Understanding Source Code

Coding Your Own Object Detection Program

In this step of the tutorial, we'll walk through the creation of the previous example for realtime object detection on a live camera feed in only 10 lines of Python code. The program will load the detection network with the detectNet object, capture video frames and process them, and then render the detected objects to the display.

For your convenience and reference, the completed source is available in the python/examples/my-detection.py file of the repo, but the guide below will act like they reside in the user's home directory or in an arbitrary directory of your choosing.

Here's a quick preview of the Python code we'll be walking through:

import jetson.inference
import jetson.utils

net = jetson.inference.detectNet("ssd-mobilenet-v2", threshold=0.5)
camera = jetson.utils.videoSource("csi://0")      # '/dev/video0' for V4L2
display = jetson.utils.videoOutput("display://0") # 'my_video.mp4' for file

while display.IsStreaming():
    img = camera.Capture()
    detections = net.Detect(img)
    display.Render(img)
    display.SetStatus("Object Detection | Network {:.0f} FPS".format(net.GetNetworkFPS()))

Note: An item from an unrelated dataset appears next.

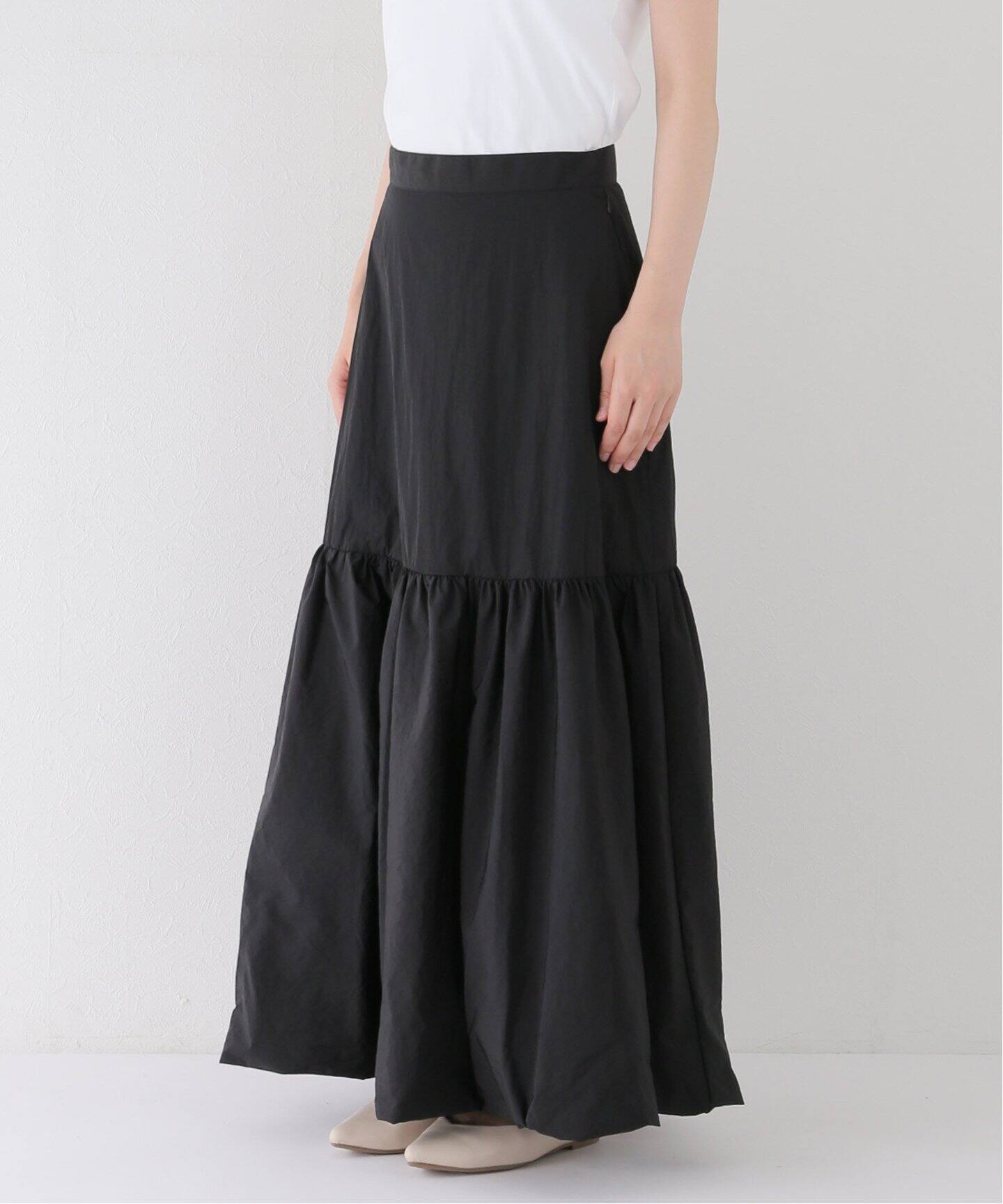 バルーンティアードスカート（ロング・マキシ丈スカート）｜Spick and  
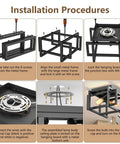 Close To Ceiling Square Black Industrial Farmhouse Light Fixture For Hallway Entryway Kitchen And Bedroom Dope Vintage Semi Flush Mount With Open Shade For Bright Dining Room Ambience installation guide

There's also a video screencast of this coding tutorial available on YouTube:

Source Code

Importing Modules

At the top of the source file, we'll import the Python modules that we're going to use in the script. Add import statements to load the jetson.inference and jetson.utils modules used for object detection and camera capture.

import jetson.inference
import jetson.utils

Loading the Detection Model

Next use the following line to create a detectNet object instance that loads the 91-class SSD-Mobilenet-v2 model:

# load the object detection model
net = jetson.inference.detectNet("ssd-mobilenet-v2", threshold=0.5)

Note that you can change the model string to one of the values from this table to load a different detection model. We also set the detection threshold here to the default of 0.5 for illustrative purposes - you can tweak it later if needed.

Opening the Camera Stream

To connect to the camera device for streaming, we'll create an instance of the videoSource object:

camera = jetson.utils.videoSource("csi://0")      # '/dev/video0' for V4L2

The string passed to videoSource() can actually be any valid resource URI, whether it be a camera, video file, or network stream.

Display Loop

Next, we'll create a video output interface with the videoOutput object and create a main loop that will run until the user exits:

display = jetson.utils.videoOutput("display://0") # 'my_video.mp4' for file

while display.IsStreaming():
    # main loop will go here

Camera Capture

The first thing that happens in the main loop is to capture the next video frame from the camera. camera.Capture() will wait until the next frame has been sent from the camera and loaded into GPU memory.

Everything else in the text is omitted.